# Accucraft C-19 Check Valve Question(s)



## Pete Thornton (Jan 2, 2008)

I just finished moving the gas supply to below the footplate (photos at 11 - when I get a minute!) Now it's the water supply's turn. I have one of the Accucraft check valves, as supplied with the hand pump, but it's a humongous device:










I figure the actual valve is in the LH side (I poked it with a stick) so I could remove half the threads for the pipe attachment - roughly where the line is drawn.

Anyone tried that?

Question 2 realtes to the backhead blanks. I had already pulled the one facing the back, (green arrow below,) but that big check valve really sticks out on the footplate - especially as it is now clear of gas pipe! Then I noticed there seems to be another potential takeoff on the water glass mount - the red circle below:










(I also note the top of the water glass is another potential access plug?)
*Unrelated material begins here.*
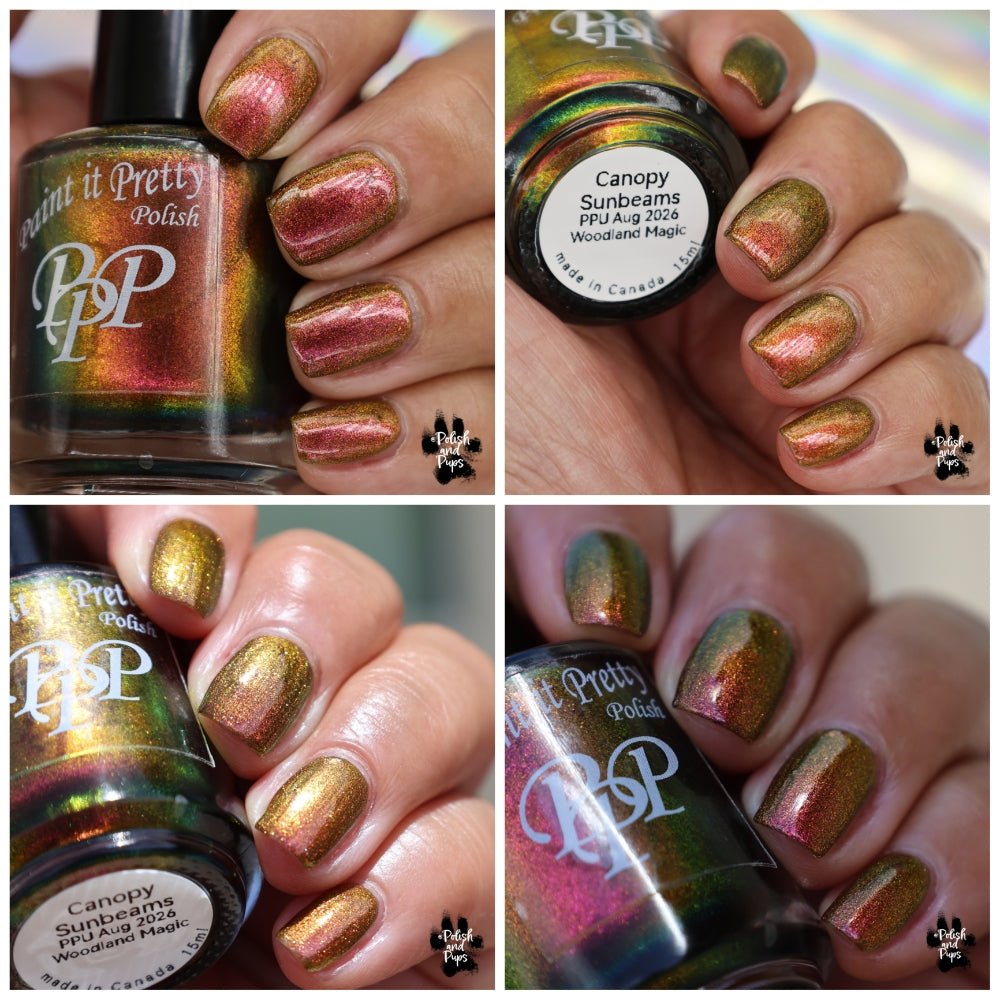 Paint it Pretty Polish | Canopy Sunbeams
Anyone tried to use the circled plug as a place to mount the check valve?


----------



## David BaileyK27 (Jan 2, 2008)

Your circled nut is in fact a banjo Bolt which holds the top Water gauge Fitting to the boiler, if you fit it to the water gauge top you will be squirting cold water over the hot gauge, could cause the glass to crack. 
The only other place is the plug on the backhead which you have arrowed, this is a plain 5mm plug. 
David Bailey www.djbengineering.co.uk


----------



## rbednarik (Jan 2, 2008)

Pete,

You may want to look into a 90* check valve for the backhead fitting. Be sure ti has a M5x0.5 threading so you can fit it onto the blanking plug on the boiler (green arrow in your photo). I find that the Aster vertical check valves from the USRA Mikado and Berkshire work for most applications. They are around 15-20usd from aster, depending on the exchange rate. If you want to use one, let me know and I can give you the part numbers.

Here is an example I did on Jeff Redeker's C-16 a few years ago:

The knurled fitting is also an aster part, but quick disconnects may be more suitable for your application. 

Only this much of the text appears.